米ニューヨーク株式市場は9日(現地時間)、米国経済への懸念がある中でも主要3指数がそろって史上最高値を更新した。S&P500種株価指数は0.27%高の6,512.61で取引を終え、ナスダック総合指数は0.37%高の2万1,879.49となり、日中取引でも過去最高値を記録した。ダウ・ジョーンズ工業株価平均も、ユナイテッドヘルス・グループ株の急伸に支えられ、196.39ポイント(0.43%)高の4万5,711.34で取引を終えた。

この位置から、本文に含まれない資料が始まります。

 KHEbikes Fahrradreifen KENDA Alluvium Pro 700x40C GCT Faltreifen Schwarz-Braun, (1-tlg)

同日午前、米国労働統計局(BLS)が発表した雇用指標の修正値により、投資家の懸念がさらに高まった。米国労働統計局は、昨年3月までの12ヶ月間における雇用増加数を、従来発表よりも91万1,000人下方修正した。これはウォール街の予想範囲の上限を超える大幅な修正で、2002年以来最大規模の下方修正となった。

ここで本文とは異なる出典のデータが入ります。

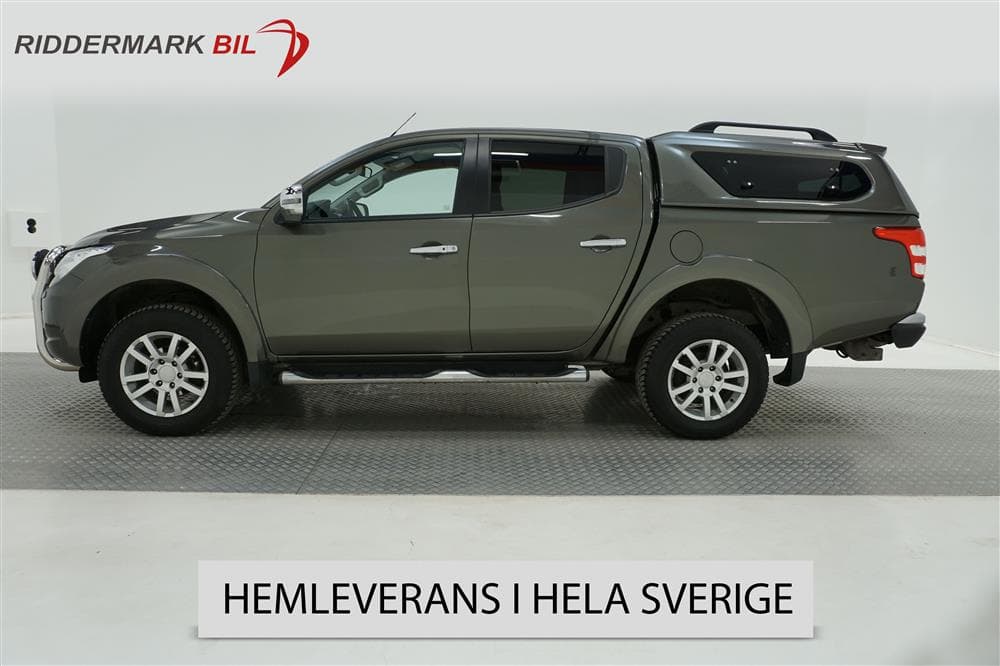 Mitsubishi 2.4 DI-D 181hk Navi Business Kåpa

JPモルガン・チェースのジェイミー・ダイモン最高経営責任者(CEO)は、日経CNBCのインタビューで、経済の減速を指摘し、これが景気後退につながるのか、単なる成長ペースの鈍化なのかは現時点では判断できないと述べた。
今回の改定値はすでに6カ月前のデータであるため、当日の株価には大きな影響を与えなかったが、連邦準備制度理事会(FRB)が今年中により積極的な利下げに行う必要があるとの見方を強める可能性があるとの分析が出ている。
ノースライト・アセット・マネジメント最高投資責任者(CIO) クリス・ザッカレリ氏は、雇用の悪化傾向は秋の利下げを後押しする一方で、最近の株価上昇に水を差す可能性もあると指摘した。
前日は、ブロードコムとエヌビディアが牽引し、ナスダックが史上最高値を更新した。しかし、この日のブロードコム株は、直近2日間で急伸した反動から2%以上下落し、方向感を変えた。それでも、ブロードコムの週間の上昇率は約13%に達している。
投資家の関心は今、FRBの政策判断の鍵を握る重要なインフレ指標に移りつつある。先週の雇用低迷が利下げ期待を高めたが、今週発表されるインフレ指標が予想を上回る強さを示せば、市場の見通しが大きく揺らぐ恐れがある。生産者物価指数(PPI)は10日午前、消費者物価指数(CPI)は11日に発表される予定だ。
ザッカレリ氏は、CPIでインフレ悪化の兆候が現れれば、市場はスタグフレーション、すなわち景気後退と物価上昇が同時に進むリスクを懸念し始めるだろうと警告した。そのうえで、今年の強気相場は非常に力強かったが、今や再び試練に直面する転換点に達した可能性があると述べた。